The truth is that it’s just a kitchen table, a piece of furniture that I walked past a thousand times a day and paid no mind to unless it was dusted with crumbs or stained with something sticky and un-nameable. It’s not something to miss. Because…well…in this life there are bigger losses to grieve, harder absences to survive.
A few weeks before I gave the table away, I had decided that this table wasn’t right for the new house, the new home, that I was building with my two children in this life we were patching together after the loss of their father, my husband. In a swift, almost callous, decorating decision, I determined that the table wasn’t the color and style and look that I wanted for the new house. That new house was a place that called for lighter furniture and calmer lines, a place that I hoped would be free of static and sensory overload, where we (my now family of three) could finally take a deep breath, because I have to believe that places like that still exist for us.
A friend of mine came to pick up the table that sat in my kitchen for the better part of a decade. After she left, the space where the table had been stood empty. The space seemed so much bigger than it had just that morning.
Later, that same friend sent me a picture of the table in her home, arranged with a tablecloth and flowers. The table looked beautiful in her dining room, as if it was always meant to fit in her home.
I didn’t regret giving her the table—I was happy that she had it. And yet, in the hours after she left, I missed the table with a hollow ache that, in my life as a young widow, is too common.

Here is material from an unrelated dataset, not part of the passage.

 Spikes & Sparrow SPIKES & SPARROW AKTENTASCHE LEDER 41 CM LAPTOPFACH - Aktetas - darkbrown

Because we (my then family of four) had built a life around that table. We had picked out that table when we moved into the house that I was now moving out of. I remember my husband running his hands over the weathered wood, the purposeful imperfections carved into the oak, and announcing it would be perfect for us in the house I’d told him would be our forever home. And it was.
Because we’d made a thousand memories around that table. I remember the kids sitting at the table, first in high chairs, then in booster seats, then graduating to sitting on their knees on chairs that seemed too big for their little bodies. I remember my husband coming home every night, sitting in the second chair on the left and watching Pardon The Interruption on ESPN with the remote in his hand. I remember holiday dinners with family squeezed around the table because no one wanted to split into two tables. I remember sitting across from countless friends, sipping a glass of wine as the kids screamed and laughed and built friendships that will hopefully last a lifetime.
Because we’d fallen apart at that table. I remember my husband’s second seizure as he sat at that table, and my children’s terrified faces as they looked at me for answers I didn’t have, for security I wasn’t sure I could give. I remember furiously wiping down that table waiting for a doctor to call me back because I didn’t know what else to do with my hands. I remember sitting at the table, covered as it was with platters of food sent by any of the six hundred people who came to my husband’s funeral, and just needing to rest, just for a moment.
As the memories skittered through my thoughts, it was easy to believe maybe that table wasn’t just a kitchen table. Maybe it was the steady and sturdy presence we’d needed when nothing was steady or sturdy. Maybe I’d just given away the heart of our home—the home we lost with the life we lost with the man we lost.
Or maybe sometimes the only way to grieve the big losses that are too hard to grieve because they are too wide, too intangible and impossible to wrap into something manageable, is to grieve the things you can see and hold and touch. And it’s okay to grieve the loss of a kitchen table, maybe even necessary.
The truth I’m reminding myself of is that though a kitchen table is the heart of a home, hearts and homes are more than kitchen tables, more than lacquered wood with purposeful imperfections. The hearts of homes are memories, and those memories didn’t leave with the table.
Those memories, the good and the bad and the heartbreaking, get to come with me…to the new house and wherever else I choose to go. Those memories will find their way to exist beside new memories in a new house, with a new kitchen table that will also one day be covered by crumbs and surrounded by laughter.
Because it’s just a kitchen table, and now, an empty space where a kitchen table once stood, and there are bigger losses to grieve.